In a Pending Precedential Opinion by the California Office of Tax Appeals (OTA), the OTA clarified that in determining whether an out-of-state LLC doing business in California and therefore subject to the annual tax each year, the determination based on the property threshold test is based on the entity’s profit interest, and not its capital interest.
This is significant because out-of-state entities doing business in California may have a significant capital interest in property, but may nevertheless have years with a very low profit sharing interest. Under the OTA’s Pending Precedential Opinion, that would relieve such taxpayers from paying tax during years when the profit sharing interest did not meet the statutory threshold.

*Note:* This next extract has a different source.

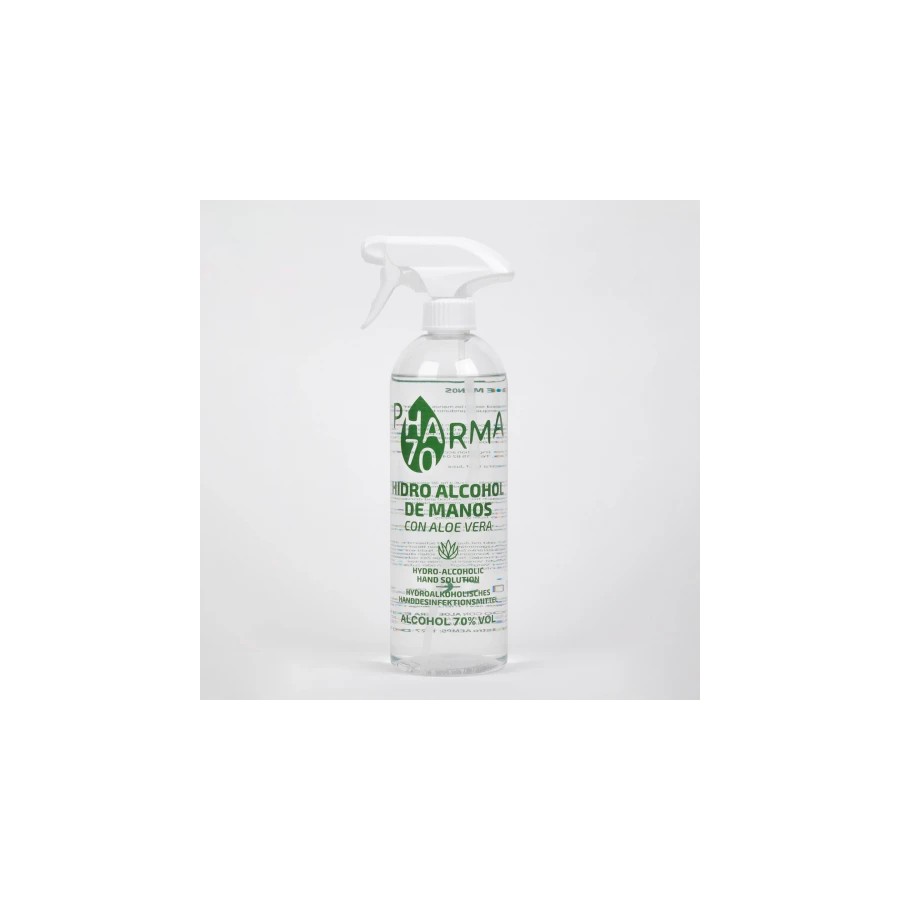 8133-PULVERIZADOR 750 ML CON ALOE VERA ECOLOGICA PHARMA 70 ED0033C01 8133-PULVERIZADOR 750 ML CON ALOE VERA ECOLOGICA PHARMA 70 ED0033C01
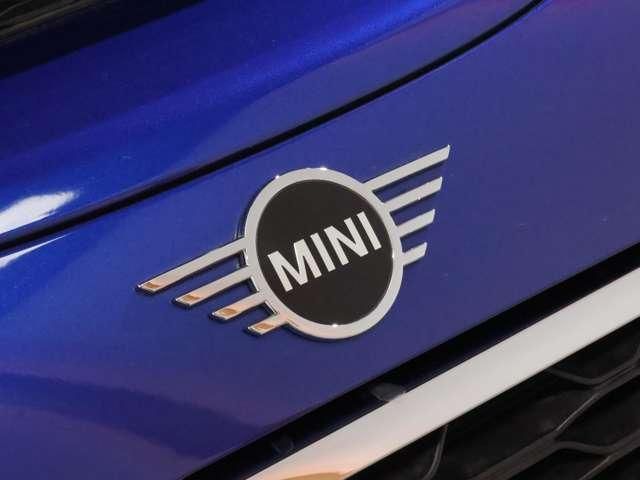 MINI COOPER S open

With regard to the property threshold, California Revenue & Taxation Code (R&TC) section 23101(b)(3) provides that, for taxable years beginning on or after January 1, 2011, a taxpayer is doing business in California for a taxable year if the real property and tangible personal property of the taxpayer in this state exceed the lesser of fifty thousand dollars ($50,000) or 25 percent of the taxpayer’s total real property and tangible personal property. The threshold amounts, as adjusted for inflation each year. In determining whether a taxpayer has exceeded the California property threshold amount, the taxpayer must take into account its pro rata or distributive share of California property owned by pass-through entities in which it held an interest. (R&TC, § 23101(d).)